Ah! And yes, I did notice a difference, depending on the altitude, in the coordinates shown for what I thought was the same spot. I was never able to get to 4530. 4512, 4550, etc., but never right on the nose. I just couldn't control that little scroll bar that well. If there is a way to set it, I never found it.

Thanks for the game. I learned a lot. I don't think I'm even close, but my two cents would be 'closest wins'.


----------



## Undead (Jul 3, 2013)

closest !


----------



## jswift (Dec 24, 2012)

Your game- your rules!

Although it is going to be hard for an exact match the way the numbers seem to keep changing ....


----------



## sneakygroundbuzzard (Nov 1, 2012)

jswift said:


> Although it is going to be hard for an exact match the way the numbers seem to keep changing ....


thats what i was thinking too

so closest it shall be

i will go thru all the guesses later today and post the winner this evening


----------



## sneakygroundbuzzard (Nov 1, 2012)

ok so i have looked at all the guesses multiple times

and the closest guess of all was 45* 49' 28.09"n 94* 50' 7.10"

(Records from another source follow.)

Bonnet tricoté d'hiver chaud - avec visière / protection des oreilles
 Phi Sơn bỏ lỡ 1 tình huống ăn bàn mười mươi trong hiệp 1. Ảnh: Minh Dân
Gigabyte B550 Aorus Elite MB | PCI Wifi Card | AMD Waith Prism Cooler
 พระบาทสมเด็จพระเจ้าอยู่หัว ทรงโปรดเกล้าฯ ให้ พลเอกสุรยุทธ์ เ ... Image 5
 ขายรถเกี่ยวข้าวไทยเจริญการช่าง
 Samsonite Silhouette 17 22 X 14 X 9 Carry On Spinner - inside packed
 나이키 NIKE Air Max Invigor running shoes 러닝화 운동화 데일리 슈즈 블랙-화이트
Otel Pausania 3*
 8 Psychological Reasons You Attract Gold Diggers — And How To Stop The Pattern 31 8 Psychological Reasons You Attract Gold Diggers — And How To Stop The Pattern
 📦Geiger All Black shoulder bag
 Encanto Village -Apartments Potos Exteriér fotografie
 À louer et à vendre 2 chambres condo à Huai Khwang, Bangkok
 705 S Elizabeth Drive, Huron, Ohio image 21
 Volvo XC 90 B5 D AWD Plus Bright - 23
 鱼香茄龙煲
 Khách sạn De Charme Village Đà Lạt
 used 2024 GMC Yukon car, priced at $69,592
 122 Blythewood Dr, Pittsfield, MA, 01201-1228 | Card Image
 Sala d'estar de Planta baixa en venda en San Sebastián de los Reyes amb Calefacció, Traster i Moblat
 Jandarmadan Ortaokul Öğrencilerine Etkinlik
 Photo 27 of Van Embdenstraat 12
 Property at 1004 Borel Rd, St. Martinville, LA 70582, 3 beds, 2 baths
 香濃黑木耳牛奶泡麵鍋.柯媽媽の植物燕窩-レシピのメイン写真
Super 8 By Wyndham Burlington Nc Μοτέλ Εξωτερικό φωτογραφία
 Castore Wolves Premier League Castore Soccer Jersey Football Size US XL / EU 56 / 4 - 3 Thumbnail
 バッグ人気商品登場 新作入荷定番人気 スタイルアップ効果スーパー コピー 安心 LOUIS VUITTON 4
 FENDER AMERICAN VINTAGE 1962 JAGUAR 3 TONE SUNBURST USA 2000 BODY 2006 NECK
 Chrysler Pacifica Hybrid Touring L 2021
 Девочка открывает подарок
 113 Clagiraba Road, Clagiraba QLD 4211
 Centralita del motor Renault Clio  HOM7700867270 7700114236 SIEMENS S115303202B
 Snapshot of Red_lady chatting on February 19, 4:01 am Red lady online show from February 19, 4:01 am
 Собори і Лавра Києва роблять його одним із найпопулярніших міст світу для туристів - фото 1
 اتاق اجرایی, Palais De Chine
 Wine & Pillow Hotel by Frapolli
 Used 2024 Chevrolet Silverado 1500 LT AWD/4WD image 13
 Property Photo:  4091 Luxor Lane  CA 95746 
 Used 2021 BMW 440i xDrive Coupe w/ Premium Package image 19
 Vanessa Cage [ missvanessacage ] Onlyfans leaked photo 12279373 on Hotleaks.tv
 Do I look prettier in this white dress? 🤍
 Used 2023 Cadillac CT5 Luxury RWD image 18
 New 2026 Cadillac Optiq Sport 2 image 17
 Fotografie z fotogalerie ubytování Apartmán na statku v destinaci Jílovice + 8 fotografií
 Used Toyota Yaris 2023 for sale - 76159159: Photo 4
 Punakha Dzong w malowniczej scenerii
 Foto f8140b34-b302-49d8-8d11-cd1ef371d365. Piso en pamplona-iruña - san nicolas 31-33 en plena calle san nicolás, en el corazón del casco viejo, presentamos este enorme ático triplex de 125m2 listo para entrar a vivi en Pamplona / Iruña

and the winner is *JTKILLOUGH* 

did you zoom in and actually get to see my double bull matrix ground blind?

pm me your mailing info and i will get the prize packaged up and have the wife mail it later this week

thanks to all for playing,i hope ya'll had fun and learned a little about scouting with google earth

one of my favorite scouting tools,it really saves on the shoe leather

I hunt this field every year in the spring and fall for turkey,they like to come into it to feed.especially after it gets tilled.

usually have a lot of luck there for buzzards.

but this year is the exception,with a very late and cold/wet spring the farmer that plants the crop for the dnr didnt get out and till it untill

last week.so i have been hunting in the woods this year with no luck.but i did see two toms in that field today feeding,tomorrow is my last day to hunt so i will be sitting in that field untill i call at a day and end of a season.

i have more knives,just need to make some stands and maybe i can come up with another game


----------



## SerenityNetworks (Apr 9, 2013)

It was a great game. Thank you. And congratulations to Mr. Killough, a deserving winner.


----------



## youngdon (Mar 10, 2010)

Congrats JT !

Thanks for a fun game Sneakyi


----------



## JTKillough (May 4, 2010)

Wow, I can't believe it! Thanks so much, that is a beautiful piece of art and will look great in my office. Yes, I did zoom in and see, what I thought may be a blind. But I still couldn't tell for sure if it was or not. If it weren't for the shadow, I would have been impossible to see. Great contest. Lots of fun, trying to find it. Thanks again, so much. That knife is absolutely stunning.


----------



## hassell (Feb 9, 2010)

Congrats. JT - a beautiful gift indeed.Thanks SGB for getting some members pumped up.


----------



## jswift (Dec 24, 2012)

Congrats to a fellow Arizona Hunter!

Thanks to sneakygroundbuzzard for the opportunity to participate in a fun game.


----------



## dwtrees (Mar 5, 2012)

Great exercise SGB. Never thought to look out in the middle of a field. Was searching the edges all the time.

Congrats to JT on winning the great knapped knife.


----------